We are commanded to conduct business ethically. Since, as aforementioned, all land reverts to their original owners during the Jubilee year, the amount of years remaining until the next Jubilee year must be taken into account whenever a real-estate sale is conducted, and the price set accordingly. The end of this section enjoins us not to verbally harass or intentionally mislead our fellows.
This section addresses an obvious concern: “What will we eat in the seventh year if we do not sow our gather our grain?!” G‑d reassures us that He will bless the sixth year’s harvest, and it will produce enough to provide for three years — until the crop of the eighth year is ready to eat! The Torah then gives the rationale for the prohibition against selling land for perpetuity (instead, land can only be “leased” until the Jubilee year) — “Because the Land belongs to Me; you are strangers and residents with Me.”
A person who sells real-estate has the option of “redeeming” the land from the purchaser — provided that two years have passed from the date of purchase. The total price for which the land was sold is divided by the amount of years from the time of purchase until the next Jubilee year (when the land would anyhow return to the owner) in order to determine the price per year, and the original owner refunds the buyer however much money he had paid for the remaining years. A relative of the seller may also redeem the land on behalf of his family member.
All the laws mentioned above apply to fields and homes in un-walled cities. Homes in walled cities, on the other hand, may be redeemed for their full value for up to one year after the sale. If not redeemed within the year, they become the permanent property of the buyer, and they are not released by the Jubilee. Another exception to these rules is the property allotted to the Levites. The homes and fields in the forty-eight Levite cities are always redeemable — from the moment of purchase until the Jubilee year, when in any event they revert to their owners. We are then commanded to assist our brethren by coming to their aid before they become financially ruined and dependent on the help of others. We are also forbidden to charge interest on a loan to a fellow Jew.
We are commanded to treat Jewish slaves respectfully, never subjecting them to demeaning labour.

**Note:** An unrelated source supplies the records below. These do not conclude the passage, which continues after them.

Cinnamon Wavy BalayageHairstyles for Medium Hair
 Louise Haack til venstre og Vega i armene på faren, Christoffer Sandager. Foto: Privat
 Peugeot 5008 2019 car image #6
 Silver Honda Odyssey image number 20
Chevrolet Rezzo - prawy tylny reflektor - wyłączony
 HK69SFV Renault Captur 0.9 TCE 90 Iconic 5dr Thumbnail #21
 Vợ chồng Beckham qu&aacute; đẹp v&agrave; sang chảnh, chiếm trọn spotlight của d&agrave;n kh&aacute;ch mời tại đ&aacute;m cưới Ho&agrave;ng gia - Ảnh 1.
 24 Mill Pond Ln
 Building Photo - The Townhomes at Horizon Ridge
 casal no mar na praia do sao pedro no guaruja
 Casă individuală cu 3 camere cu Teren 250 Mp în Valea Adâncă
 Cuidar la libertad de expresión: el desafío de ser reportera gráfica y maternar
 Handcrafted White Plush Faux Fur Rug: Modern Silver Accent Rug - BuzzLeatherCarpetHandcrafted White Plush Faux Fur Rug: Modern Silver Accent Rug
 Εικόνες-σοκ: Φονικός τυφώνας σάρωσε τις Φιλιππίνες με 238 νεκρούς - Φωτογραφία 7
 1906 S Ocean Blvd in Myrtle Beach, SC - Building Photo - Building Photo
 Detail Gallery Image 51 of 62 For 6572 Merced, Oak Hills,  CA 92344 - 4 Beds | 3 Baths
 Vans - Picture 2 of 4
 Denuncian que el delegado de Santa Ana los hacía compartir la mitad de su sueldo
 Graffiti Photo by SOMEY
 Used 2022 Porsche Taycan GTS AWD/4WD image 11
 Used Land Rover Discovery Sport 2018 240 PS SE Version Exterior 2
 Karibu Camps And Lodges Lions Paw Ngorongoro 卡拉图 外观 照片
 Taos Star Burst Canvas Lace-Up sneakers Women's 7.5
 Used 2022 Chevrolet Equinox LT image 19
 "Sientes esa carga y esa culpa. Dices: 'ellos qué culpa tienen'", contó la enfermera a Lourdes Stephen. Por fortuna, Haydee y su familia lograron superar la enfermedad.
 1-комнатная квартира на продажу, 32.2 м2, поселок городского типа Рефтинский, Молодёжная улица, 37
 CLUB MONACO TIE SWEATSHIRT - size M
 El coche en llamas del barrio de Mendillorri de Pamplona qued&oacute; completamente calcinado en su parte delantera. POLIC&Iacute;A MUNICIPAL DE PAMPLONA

The Torah prescribes the redemption process for a Jew sold into slavery to a non-Jewish master. The same formula described above (Fourth Aliyah) is employed. Either the slave himself or one of his relatives refunds the master the amount of money that corresponds to the years remaining until the Jubilee — when the slave will go free even if he had not been “redeemed.” The section concludes with a brief mention of the prohibition against idolatry, and the requirement that we observe the Shabbat and revere the Holy Sanctuary.